Postconditions describe constraints on the return value or side effects the function may have. When defining a function, you should document all postconditions so that others know what to expect when they call your function. You also should ensure that your function honors its postconditions if its preconditions are met. Each function can have multiple postconditions.
Invariants
An invariant is a condition that should always be true in your code—that is,
a condition that never changes. Class invariants must be true for each object
of a class
Design by Contract
Design by Contract(DbC) is a software-design approach created by
Bertrand Meyer in the 1980s and used in the design of his Eiffel
programming language. Using this approach:
- A function expects client code to meet the function’s precondition(s).
- If the preconditions are true, the function guarantees that its postcondition(s) will be true.
- Any invariants are maintained.
Contracts Attributes
- excepts——For specifying a function’s preconditions that are checked before the function’s body begins executing.
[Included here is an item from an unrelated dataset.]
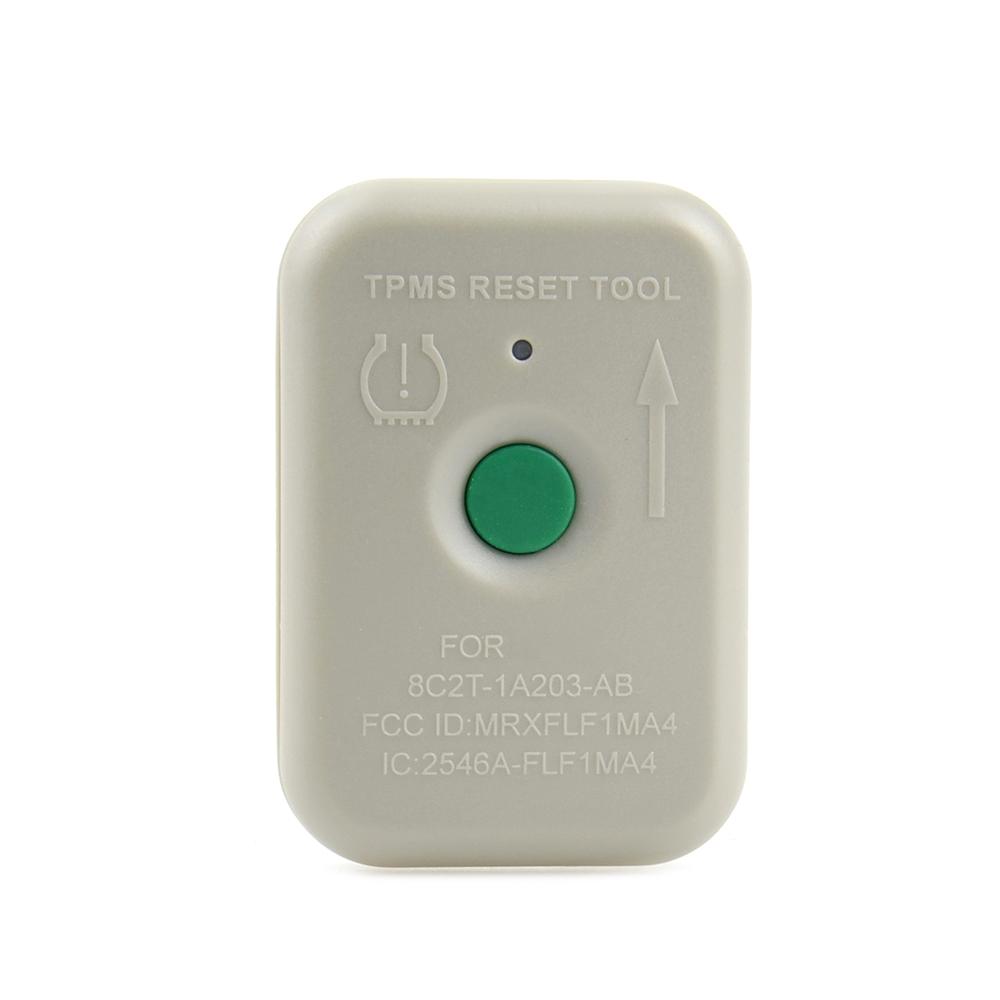 Car TPMS Tool Transmitter Motorcraft for Ford TPMS 19 Auto Tire Presure Monitor Sensor Activation Reset Tool TPMS19 8C2T1A203AB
- ensures——For specifying a function’s postconditions that are checked just before the function returns.
- assert——For specifying assertions that are checked as they’re encountered throughtout a function’s execution.
Contracts Levels
- default specifies a contract that has little runtime overhead compared to the function’s typical execution time. If a level is not specified, the compiler assumes default.
- audit specifies a contract that has significant runtime overhead compared to the function’s typical execution time. Such contracts are intended primarily for use during program development.
- axiom specifies a contract that is meant to be enforeced by static code checkers, rather than at runtime.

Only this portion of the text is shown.